TRY IT:
The required output is the exact run of lines below that opens at the line with "牙不好是如何伤害心血管的" and closes at the line with "(Tris-Glycine gel) Discontinuous".

Data extracted from a collection
══════

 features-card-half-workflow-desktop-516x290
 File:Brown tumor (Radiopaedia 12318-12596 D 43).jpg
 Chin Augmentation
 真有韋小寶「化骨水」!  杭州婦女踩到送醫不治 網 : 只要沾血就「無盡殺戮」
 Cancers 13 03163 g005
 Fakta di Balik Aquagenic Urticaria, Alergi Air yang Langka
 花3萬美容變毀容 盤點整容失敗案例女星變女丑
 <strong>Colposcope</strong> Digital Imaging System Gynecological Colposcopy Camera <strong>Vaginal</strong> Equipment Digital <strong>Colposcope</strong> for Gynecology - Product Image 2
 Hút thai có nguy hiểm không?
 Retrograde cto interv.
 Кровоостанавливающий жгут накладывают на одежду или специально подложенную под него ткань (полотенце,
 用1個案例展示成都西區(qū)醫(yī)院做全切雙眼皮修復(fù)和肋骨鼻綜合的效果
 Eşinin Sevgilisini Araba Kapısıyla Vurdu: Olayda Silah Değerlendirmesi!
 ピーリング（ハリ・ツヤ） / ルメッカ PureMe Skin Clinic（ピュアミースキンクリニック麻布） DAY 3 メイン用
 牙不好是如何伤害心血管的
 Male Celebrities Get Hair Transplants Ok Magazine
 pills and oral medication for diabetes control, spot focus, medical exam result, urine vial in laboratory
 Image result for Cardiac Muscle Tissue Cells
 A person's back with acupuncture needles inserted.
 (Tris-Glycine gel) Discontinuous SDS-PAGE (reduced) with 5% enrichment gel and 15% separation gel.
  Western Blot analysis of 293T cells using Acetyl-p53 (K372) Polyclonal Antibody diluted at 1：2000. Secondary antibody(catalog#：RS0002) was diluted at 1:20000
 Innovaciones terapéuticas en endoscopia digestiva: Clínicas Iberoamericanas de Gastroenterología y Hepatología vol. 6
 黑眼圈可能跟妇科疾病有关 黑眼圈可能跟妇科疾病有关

══════

RESPONSE BOX:
 牙不好是如何伤害心血管的
 Male Celebrities Get Hair Transplants Ok Magazine
 pills and oral medication for diabetes control, spot focus, medical exam result, urine vial in laboratory
 Image result for Cardiac Muscle Tissue Cells
 A person's back with acupuncture needles inserted.
 (Tris-Glycine gel) Discontinuous SDS-PAGE (reduced) with 5% enrichment gel and 15% separation gel.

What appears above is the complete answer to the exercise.